Step 1: Set up the triangle and the known angle.
Let the base be AB = 60 cm, with the base angle at A equal to \(60^{\circ}\). Call BC = a and AC = b, so a and b are the two sides other than the base. We want the shortest of a, b and 60.
Step 2: Test statement I alone.
Statement I says \(a + b = 80\). Using the cosine rule at angle A:
\[ \cos A = \frac{b^2 + c^2 - a^2}{2bc}, \quad c = 60 \]
Since \(\cos 60^{\circ} = \frac{1}{2}\):
\[ \frac{1}{2} = \frac{b^2 + 3600 - a^2}{120b} \implies 60b = 3600 + b^2 - a^2 \]
Replace \(a = 80 - b\) (from statement I), so \(a^2 = 6400 - 160b + b^2\):
\[ 60b = 3600 + b^2 - (6400 - 160b + b^2) = 160b - 2800 \] \[ 100b = 2800 \implies b = 28, \quad a = 80 - 28 = 52 \]
This pins down every side, 60, 52 and 28, and it checks out with the cosine rule directly (\(52^2 = 28^2 + 60^2 - 2(28)(60)(0.5)\), which works out to 2704 = 2704). So statement I alone fixes the triangle completely, and the shortest side is 28 cm. Statement I is sufficient by itself.
Step 3: Test statement II alone.
Statement II says the other base angle, B, is \(45^{\circ}\). Since the angles of a triangle add to \(180^{\circ}\):
\[ C = 180^{\circ} - 60^{\circ} - 45^{\circ} = 75^{\circ} \]
Now all three angles are known, and one side, the base of 60 cm, is known, so the sine rule fixes the other two sides uniquely:
\[ \frac{a}{\sin 60^{\circ}} = \frac{b}{\sin 45^{\circ}} = \frac{60}{\sin 75^{\circ}} \]
Every ratio here is a known number, so a and b can each be calculated.

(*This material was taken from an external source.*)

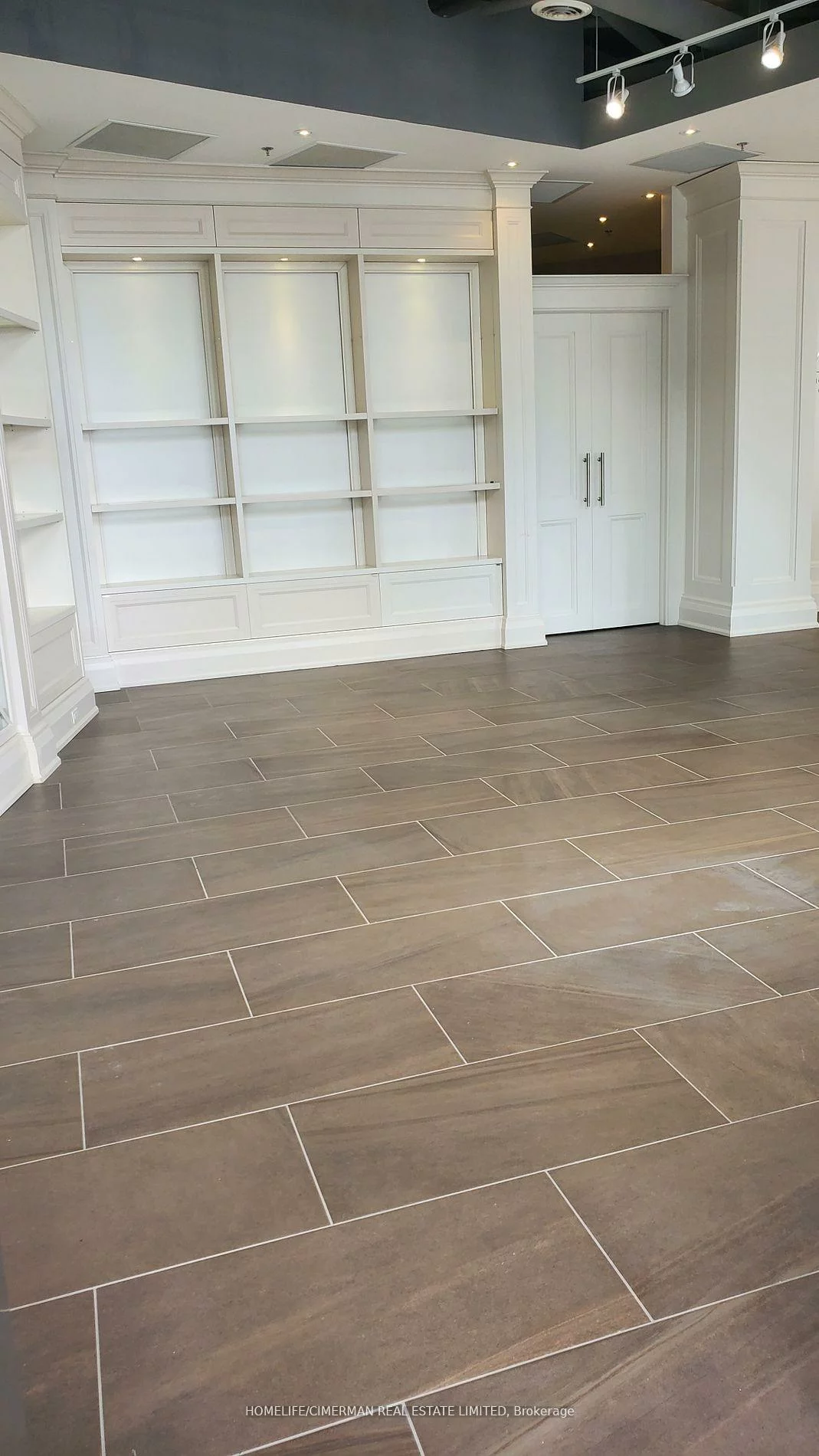 11, Bronte, 1001 - BR Bronte, Oakville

A triangle with one side and all three angles known is completely fixed, so statement II alone is also sufficient.
Step 4: Compare the two.
Both statements independently pin down a complete, unique triangle. They describe two different triangles, since the extra condition differs, but that does not matter for data sufficiency, since each condition on its own answers the question. So either statement I alone or statement II alone answers the question.
Final Answer:
Either statement alone is sufficient, which is option (DD).